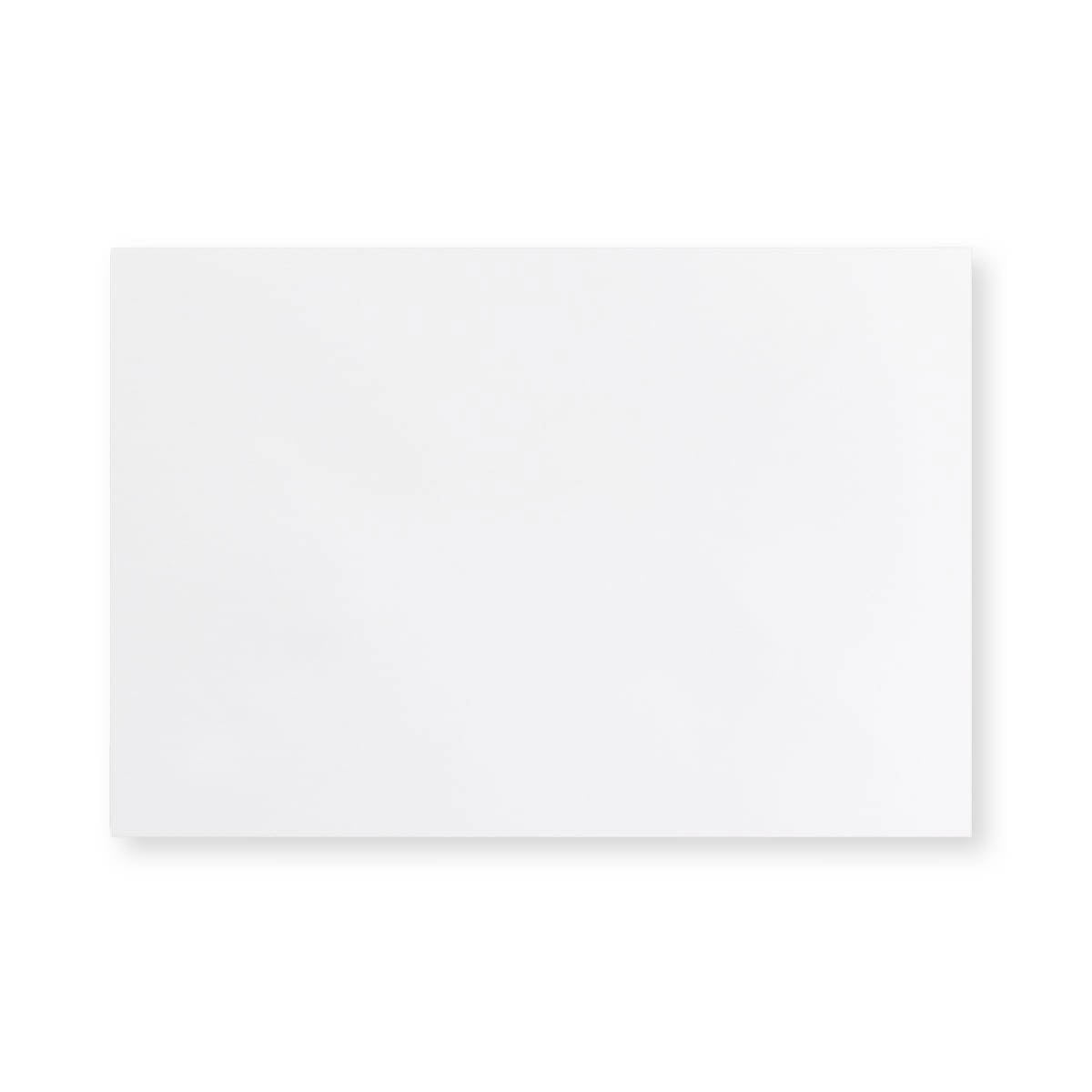 Envelope branco 143x203 mm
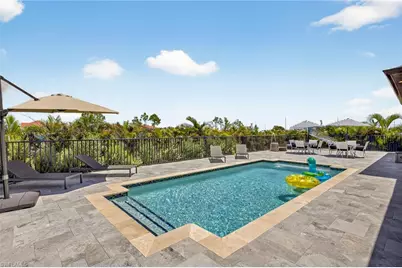 3217 SW 3rd Ter, Cape Coral, FL 33991 - Photo 29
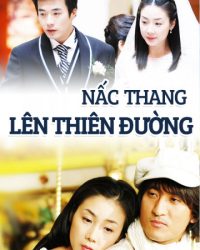 Phim Nấc Thang Lên Thiên Đường data-eio=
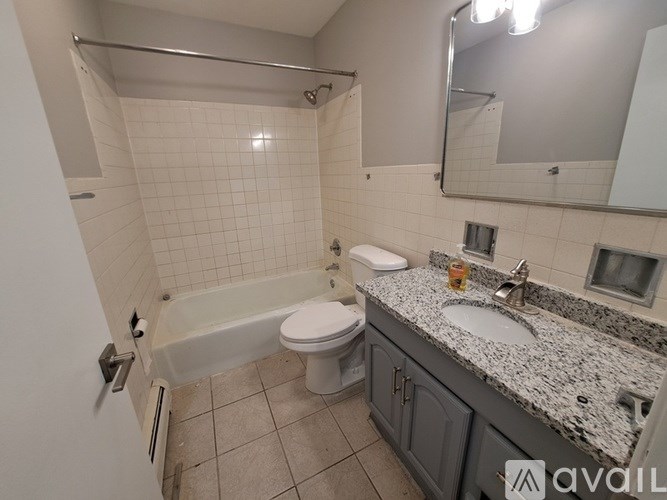 775 Jefferson Avenue 2 Beds Apartment for Rent - Photo Gallery 13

--

Output each of the lines above exactly, apart from the images.

 Envelope branco 143x203 mm
 3217 SW 3rd Ter, Cape Coral, FL 33991 - Photo 29
 Phim Nấc Thang Lên Thiên Đường data-eio=
 775 Jefferson Avenue 2 Beds Apartment for Rent - Photo Gallery 13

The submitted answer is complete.